• _Listed records_
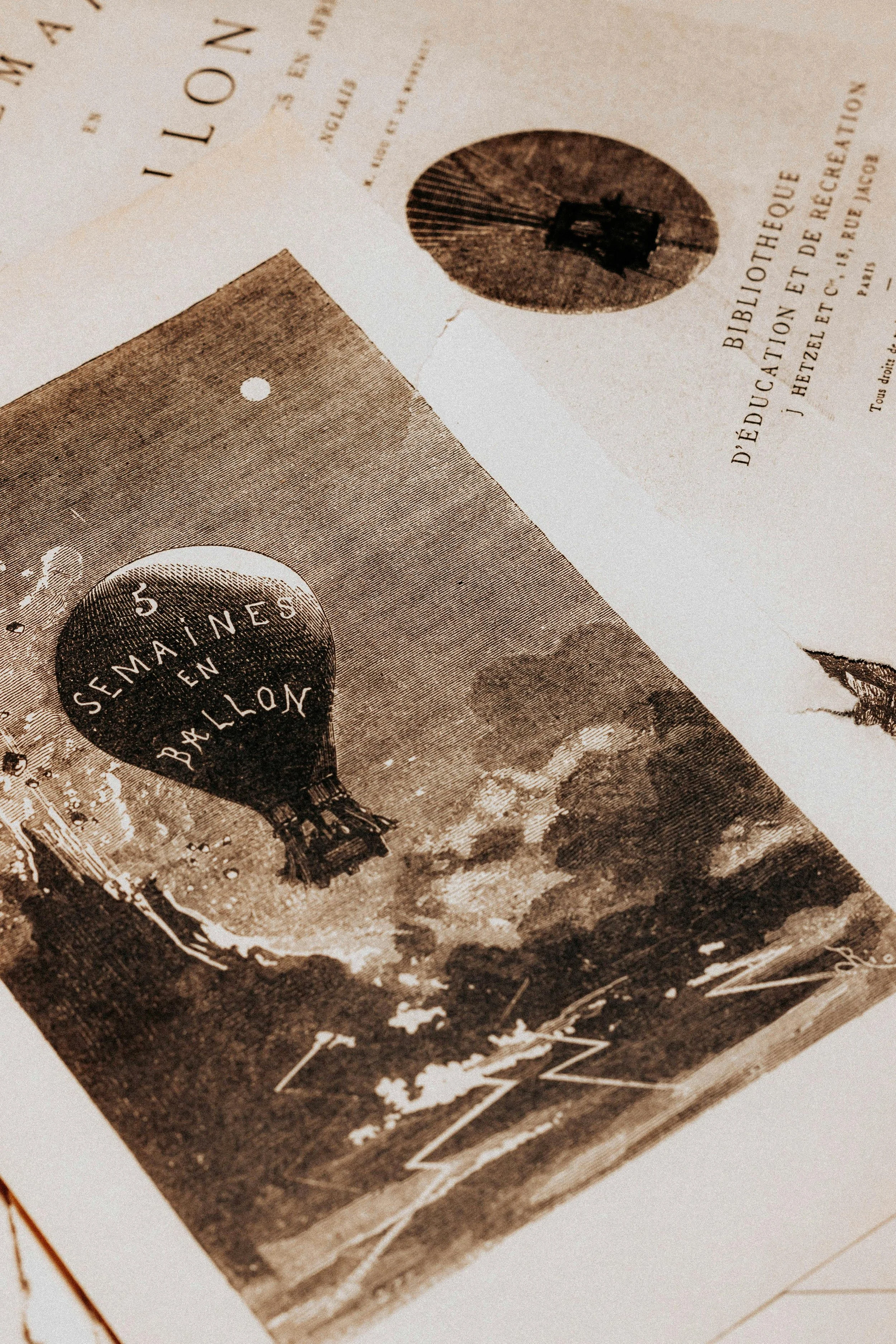 Black and white photograph of a hot air balloon in the sky with the text "5 SEMAINES EN BALLO" on it, with clouds and landscape below.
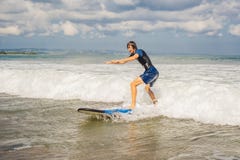 Ο νεαρός άνδρας, αρχάριος Surfer μαθαίνει να κάνει σερφ σε έναν αφρό θάλασσας στο Β στοκ εικόνες Ο νεαρός άνδρας, αρχάριος Surfer μαθαίνει να κάνει σερφ σε έναν αφρό θάλασσας στο Β στοκ εικόνες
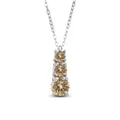 Macro view of three champagne moissanite stones in graduated sizes on a silver pendant - 1 Carat 6.5mm / Original Yellow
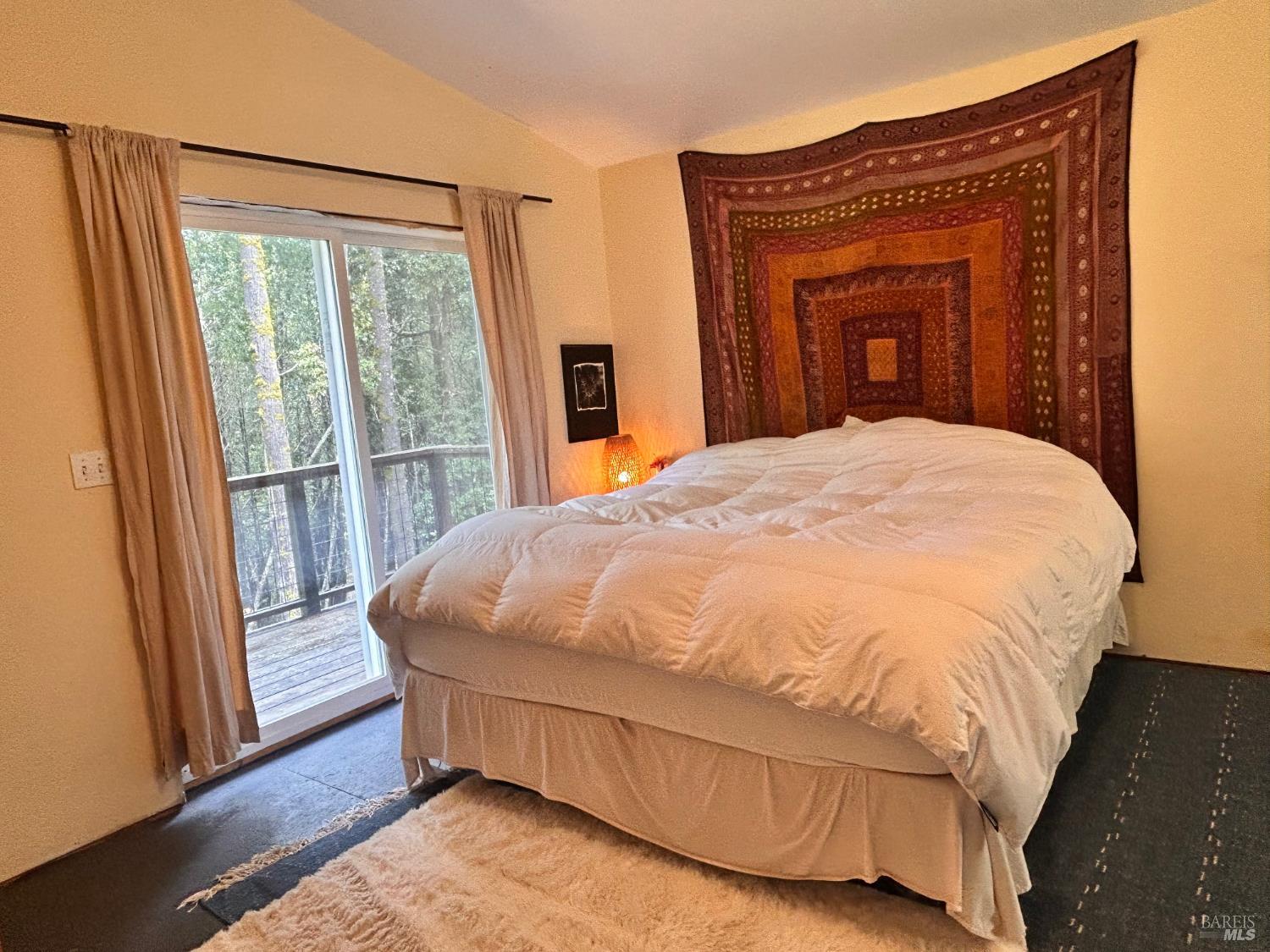 29281 Timberline Road Willits, CA 95490 - Photo 24 of 38 a bed sitting in a bedroom next to a window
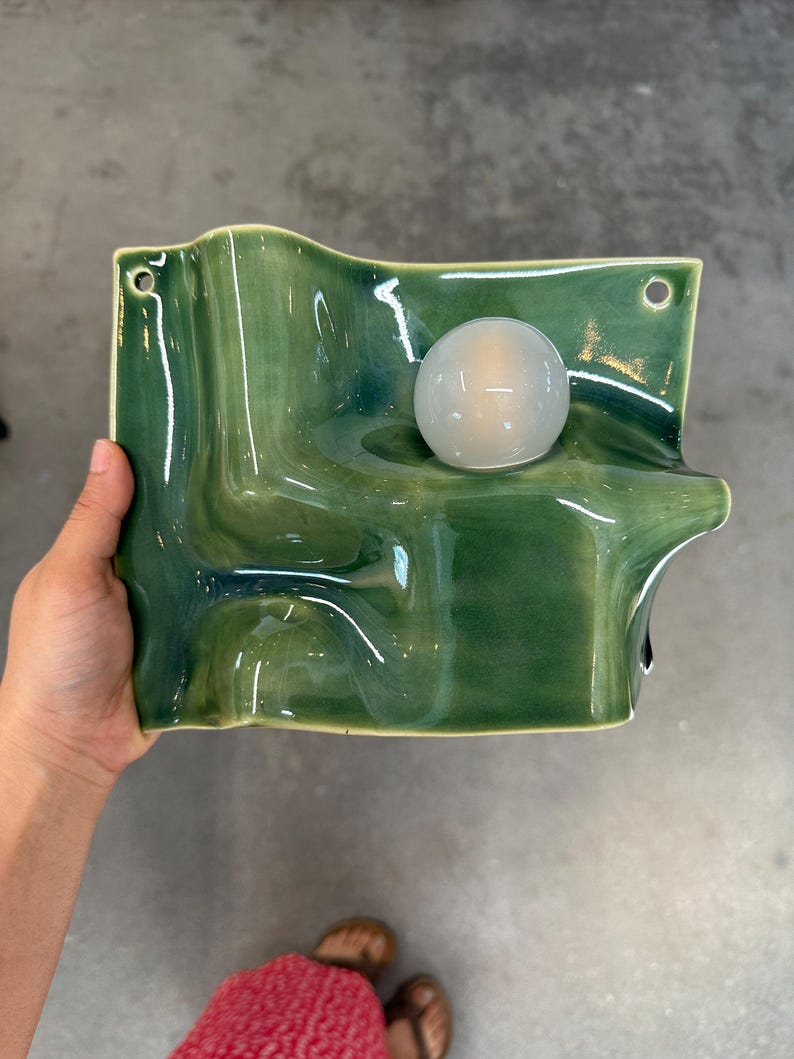 May include: A wall-mounted ceramic light fixture with a glossy, undulating green surface and a single, spherical, frosted white glass bulb. The rectangular base features two small circular holes at the top corners for mounting purposes.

• _Task prompt_
Your task is to print exactly the lines from the one containing "29281 Timberline Road" through the final line of the records above, with no pictures and nothing more.

• _Completed task_
 29281 Timberline Road Willits, CA 95490 - Photo 24 of 38 a bed sitting in a bedroom next to a window
 May include: A wall-mounted ceramic light fixture with a glossy, undulating green surface and a single, spherical, frosted white glass bulb. The rectangular base features two small circular holes at the top corners for mounting purposes.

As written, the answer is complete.